I think the failure of the established churches to offer anything is what has caused this polarisation, with people either turning agnostic, or turning to more fundemantalist churches. People don't grow up from a young age with the spiritual leadership of the church anymore. We don't have that 'innoculation' against religion anymore which Dawkins talked of, with the quaint old country vicar etc. Young people aren't exposed to their influence anymore by the old traditional upbringing of trailing along to church every Sunday followed by Sunday school after the service.
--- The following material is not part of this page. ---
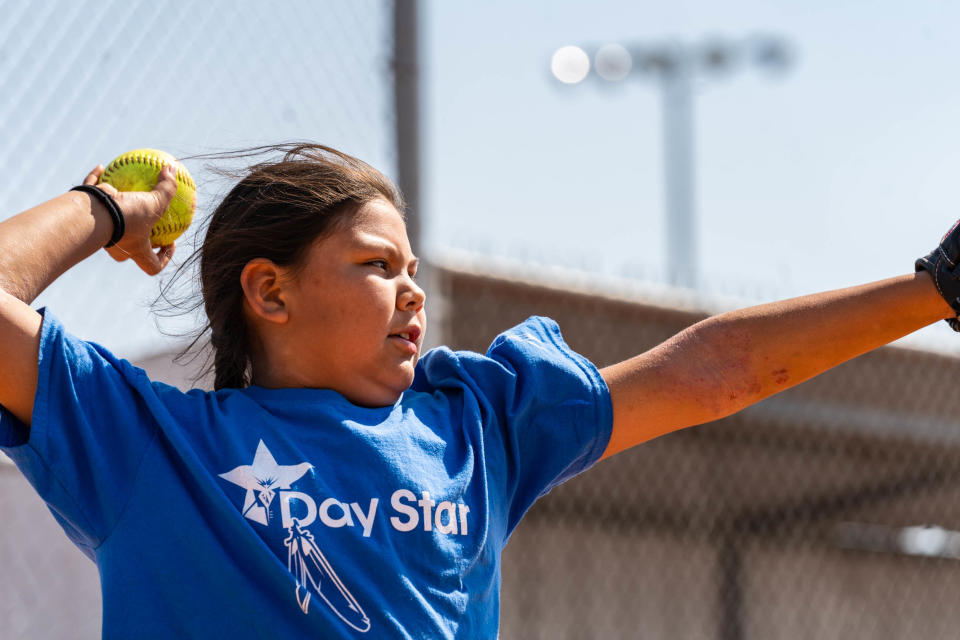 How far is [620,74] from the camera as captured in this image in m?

But people do seem to have some inherent affinity for religion, so when people look for it, they often end up with less appeasing/liberal/whatever sources than the old eccentric country vicar. When I converted, the first sources I turned to were the Protestant Reformers, eventually settling with Calvinism and reading many Puritan theologians. My other 'influences' come from my relatives in Northern Ireland, who send religious tracks entitled 'No Surrender' that would get me arrested if I tried to hand them out on the streets of Glasgow.
The same has happened in the Muslim community. I remember a documentary recently where second generation immigrants lack the strong religious network their parents had, so they turn to the more extreme forms of Islam like Wahhabism, because they never had a moderating influence when they converted. There's a phenomenon where people in their late teens do it but then their fanaticism wears off, they called it 'Salafist burnout' IIRC.
-
Re: Proposition 8 declared unconstitutional
Quote:
Originally Posted by
Rhyfelwyr
There's a phenomenon where people in their late teens do it but then their fanaticism wears off, they called it 'Salafist burnout' IIRC.
Yeah, I noticed a lot of people who go gospel often burn out. This usually happens to be people who weren't raised with religion but, as you said, converted of their own accord as young adults.
-
Re: Proposition 8 declared unconstitutional
Quote:
Originally Posted by Rhyfelwyr
I have to disagree with that ruling then. While I appreciate it is very relevant to the OP, I have been talking about the idea of homosexual marriage more in general, not specifically for California.
Fair enough, but you still have to justify why homosexuals shouldn't be treated as equal under the law as heterosexuals, though.
Quote:
Originally Posted by Rhyfelwyr
I never took you as saying people should be forced to marry, my point is a minority will be denied what is being termed a 'right' for the majority.
If you choose not to marry as an asexual you are not being denied a right anymore than a heterosexual who chooses not to marry is (I myself am one of the latter, FWIW). It's like saying someone doesn't have the right to have sex because he chooses to be abstinent. The right is there, they're just choosing not to use it.
Quote:
Originally Posted by Rhyfelwyr
Asexuals probably won't want to marry because of their natural condition, and so saying they can still marry like anyone else is akin to saying that heterosexual-only marriages don't discriminate against homosexual men, since they can still marry women.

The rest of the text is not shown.